Parallèlement, un nouveau sujet de préoccupation émerge : les conséquences encore inconnues de la présence de nano- et microplastiques dans le cerveau, souligne Bearier.

« Les nanoplastiques dans le cerveau représentent un nouvel élément dans le paysage de la pathologie cérébrale. Toutes nos connaissances actuelles sur la maladie d’Alzheimer et les autres démences doivent être réexaminées à la lumière de cette découverte. »

Elaine Bearier, MD, PhD, professeure au Département de pathologie de la Faculté de médecine de l’UNM

Ses recherches préliminaires indiquent une corrélation entre la quantité de plastique présente dans le cerveau et le degré et le type de démence.
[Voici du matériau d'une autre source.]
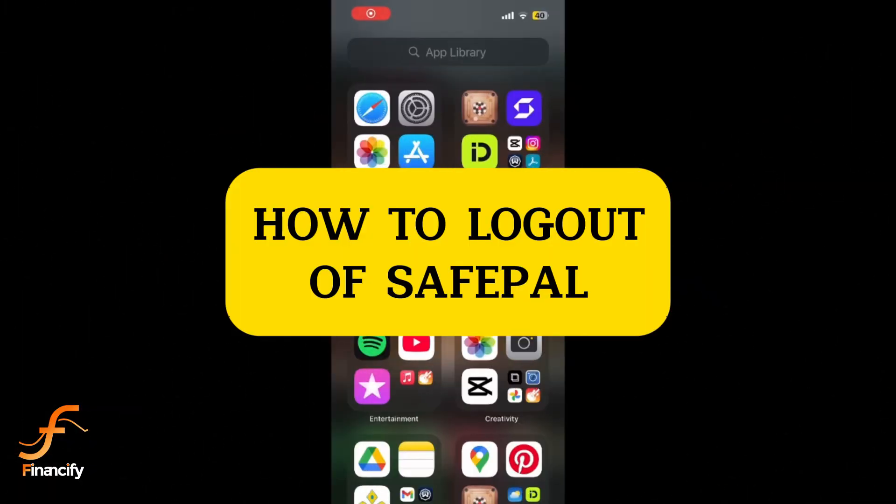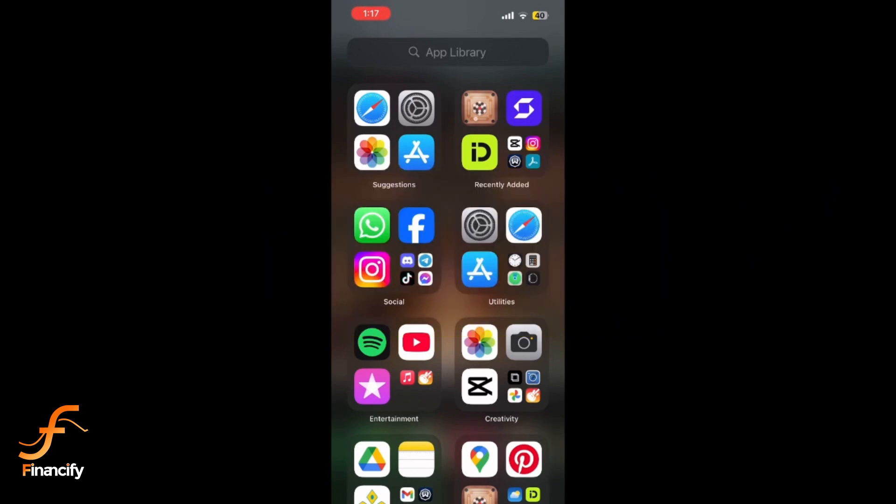Welcome to Financeify, your go-to channel for all things finance and crypto. In this short tutorial, I'll show you how to log out of your SafePal wallet on your mobile device. Let's get started.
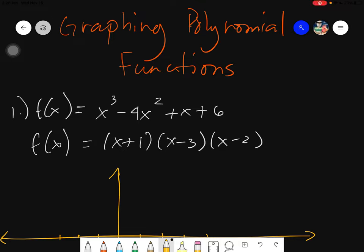Assalamualaikum warahmatullahi wabarakatuh. Good day again everyone. Today we will be learning about how to graph polynomial functions. This will be a rough graph, meaning it will show a rough image of how the graph will look — not exact, but it will show you how the graph will function and look.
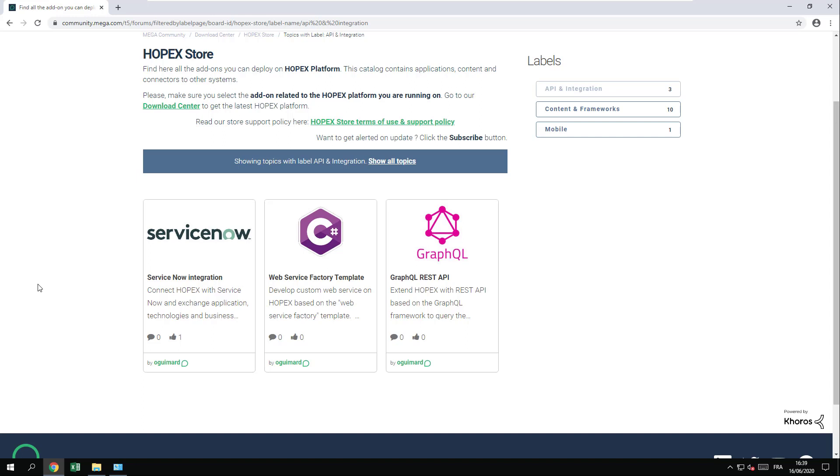Welcome to this video about how to install the GraphQL add-on. This video is valid for HOPEX v3 CP4 and all world versions.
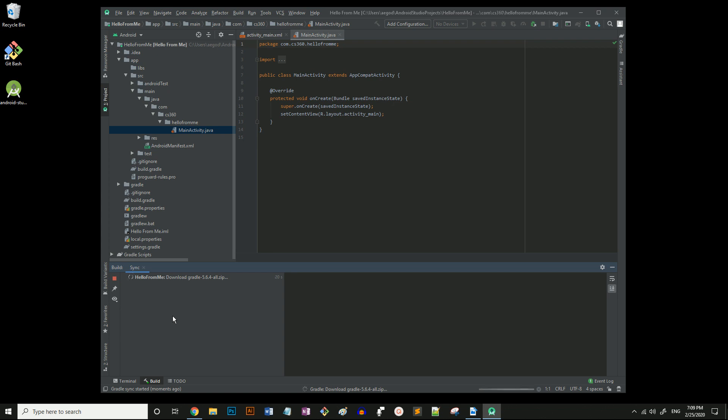You might get an error message here. If so, it may give you a link to a setting within Android Studio that you need to change, or it'll give you an error message that you can Google and get a solution to. Hopefully, everything goes through fine and you get your green check mark.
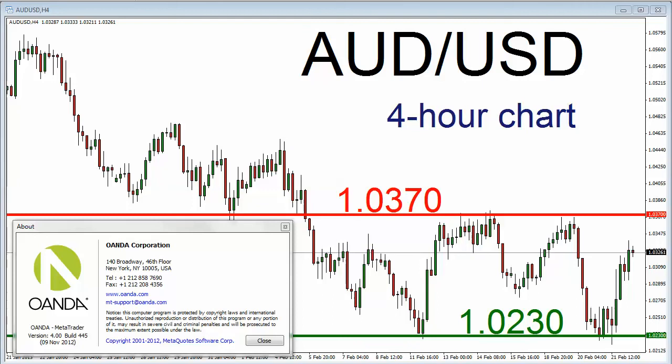Hello, this is Kurt Worley, FX Strategist and Trader Coach at FXBootCamp.com. Today is Friday, February 22, 2013. It's about 9 a.m. New York time. We just finished the first hour of today's New York Morning Trading Session. You're looking at a four-hour chart for this trillion-dollar U.S. dollar currency pair, referred to by many as the Aussie.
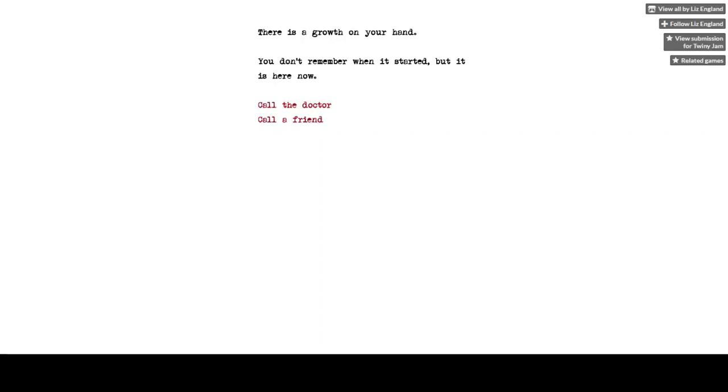There's a growth on your hand. You don't remember when it started but it is here now. Call the doctor or call a friend. I'm going to call the doctor.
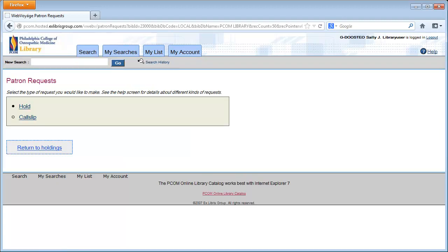After successfully logging in, select Hold to continue with your request.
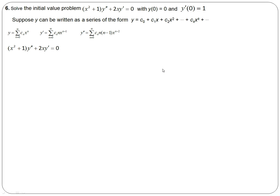Now we're ready to solve an equation. We have this equation: x squared plus 1 times the second derivative plus 2x times y prime is equal to 0. We want to solve the initial value problem, and we're going to assume that the equation can be written in series form: c0 plus c1x plus c2x squared, and so forth. So we're going to make a series substitution, with the derivative and second derivative terms worked out.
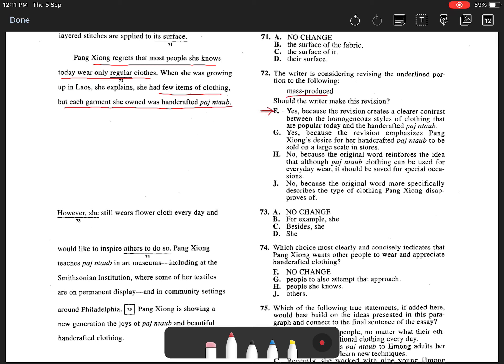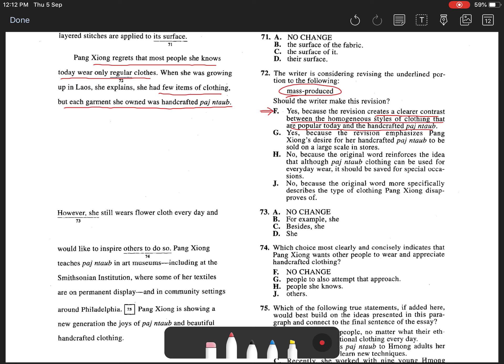the addition of mass-produced must be made in place of regular clothes. It would create a clearer contrast between the homogeneous styles of clothing that are popular today and the handcrafted pashnata.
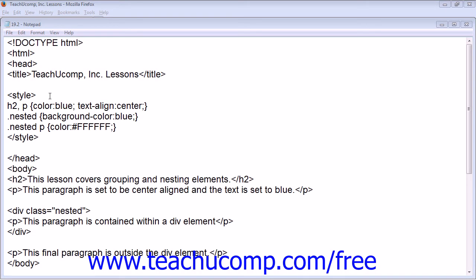Grouping a set of selectors is helpful when you want to change the look of a whole set of elements. For example, if you want to change the color of all headings and paragraphs, you can group your elements together with each different element separated by a comma. You can then set the CSS rule to change whatever attribute you would like them all to have.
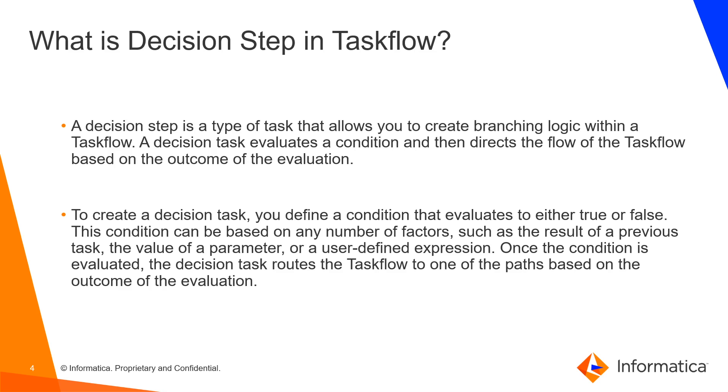What is Decision Step in Taskflow? The Decision Step in Taskflow allows us to define a condition based on which we can define the flow of execution of the data tasks.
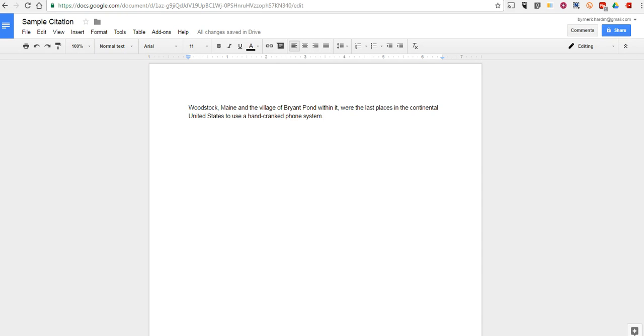Hi. This is Richard Byrne. In this video, we're going to take a look at the restored citation function in Google Documents.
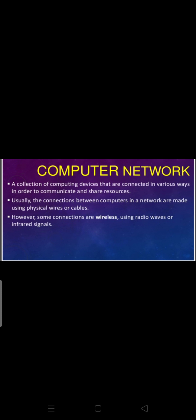The connection between computers in a network is made using physical wires and cables. However, some connections are wireless, using radio waves or infrared waves. Wireless connection is done with Wi-Fi. A modem is a connecting device through which we can get connectivity through telephone lines.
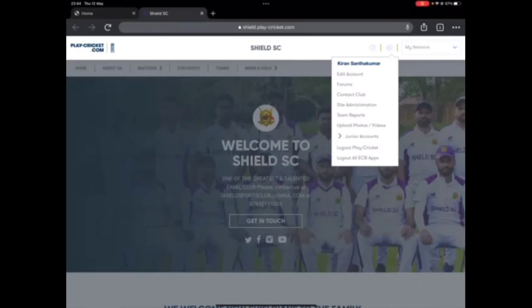Hello everyone, this is Kieran here. I hope you're all doing good. I'm going to show you how to transfer a player in Play Cricket. Right now I have logged into my club which is Shield Sports Club.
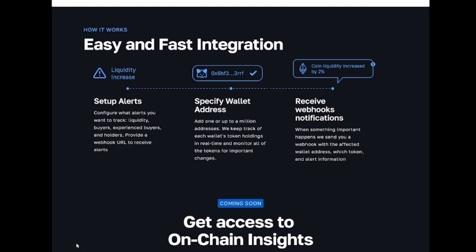You can simply set up alerts via our API, configure what you want to track, provide a webhook URL to receive the alerts, and add up to a million wallet addresses.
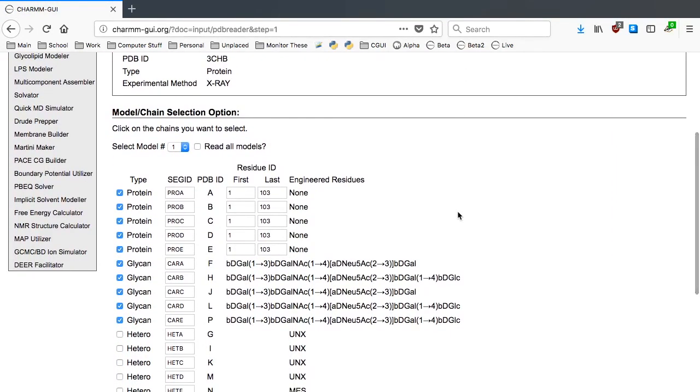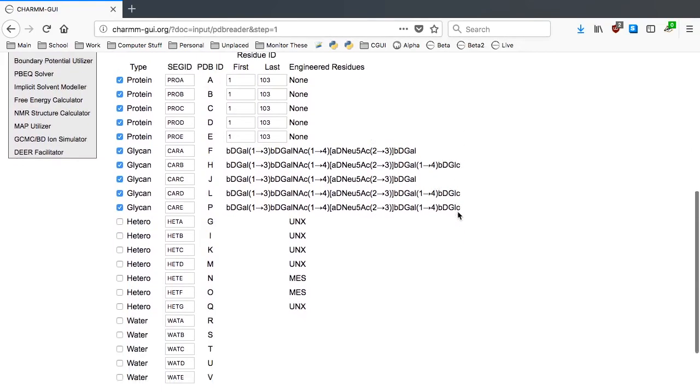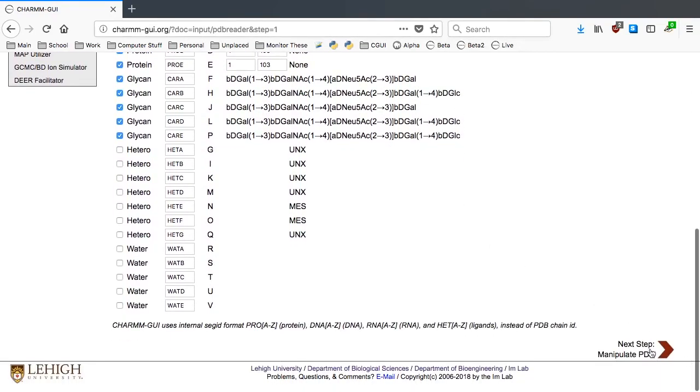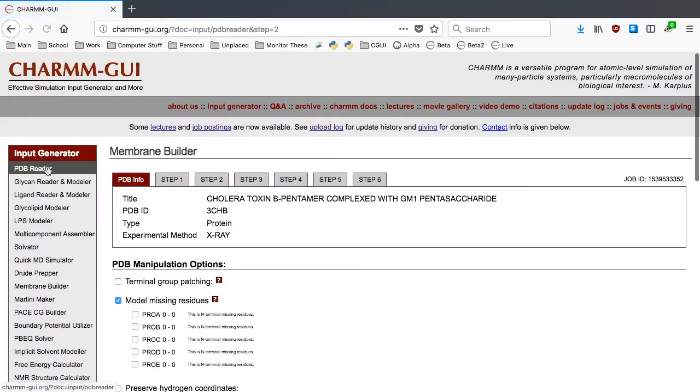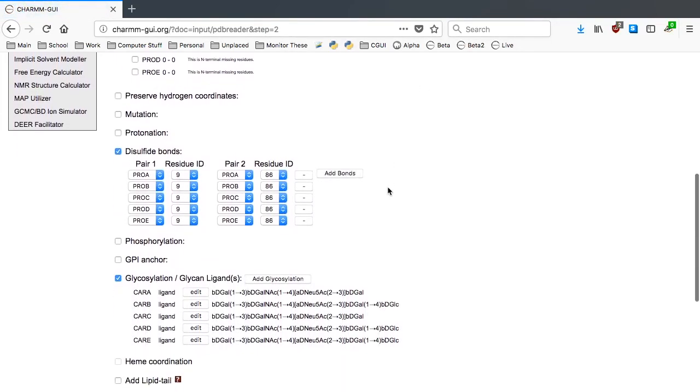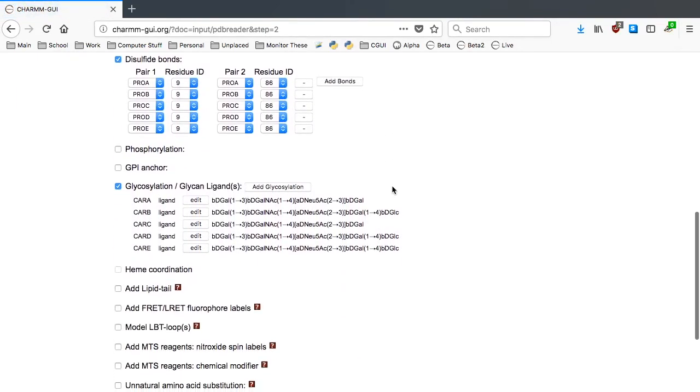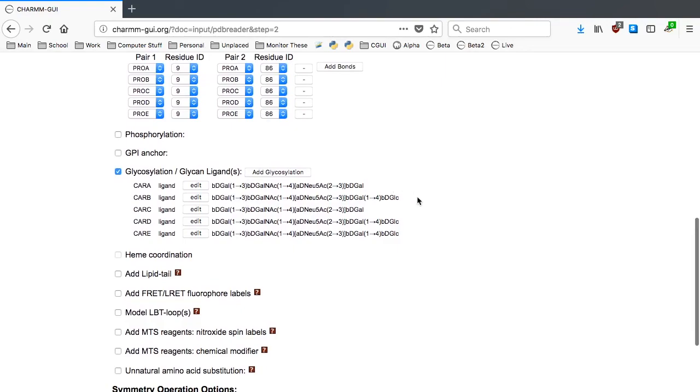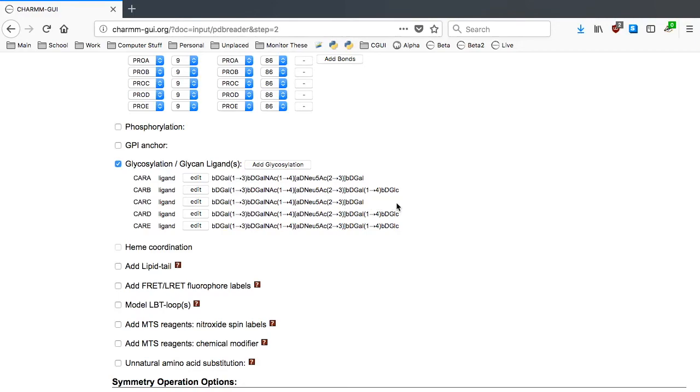Because we have five CTB subunits and associated GM1 carbohydrates in the PDB file, we can go to the next step for PDB manipulation. In this step, we need to focus on the glycosylation glycan-ligand options as we need to add the ceramide tails as well as any missing carbohydrates.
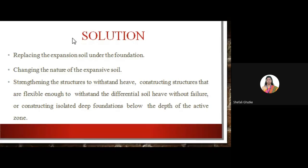The solutions include: replacing the expansive soil under the foundation; changing the nature of expansive soil by adding stabilizing material; strengthening the structure to withstand heave; constructing the structure to be flexible enough to withstand differential soil heave without failure; and constructing isolated deep foundations below the depth of the active zone, where there is continuous fluctuation in moisture content.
Elle a également observé que des niveaux plus élevés de plastique étaient associés à une inflammation accrue.

Le travail de Bearier s’appuie sur des années de collaboration avec Gary Rosenberg, MD, professeur de neurologie et directeur du Centre de recherche sur la maladie d’Alzheimer (ADRC) de l’UNM. Ce centre a reçu une subvention de 21,7 millions de dollars (USD) des NIH en 2024 pour soutenir ces recherches. Rosenberg, qui a longtemps dirigé le Département de neurologie de l’UNM et le Centre de mémoire et de vieillissement de l’UNM, a publié de nombreux travaux sur le lien entre les maladies vasculaires et les symptômes de la démence.

« Lorsque nous avons commencé à envisager la création de cet ADRC, j’ai pensé qu’il était essentiel d’étudier le système vasculaire, car personne ne l’avait fait de manière systématique et globale. Et nous avons ici à l’UNM une experte de renommée mondiale dans ce domaine. »

Elaine Bearier, MD, PhD, professeure au Département de pathologie de la Faculté de médecine de l’UNM

Bearier espère que ses travaux inciteront d’autres centres ADRC de neuropathologie à travers le pays à collaborer pour élaborer des directives de consensus afin de classer les changements vasculaires et d’évaluer l’impact des nano- et microplastiques sur le cerveau.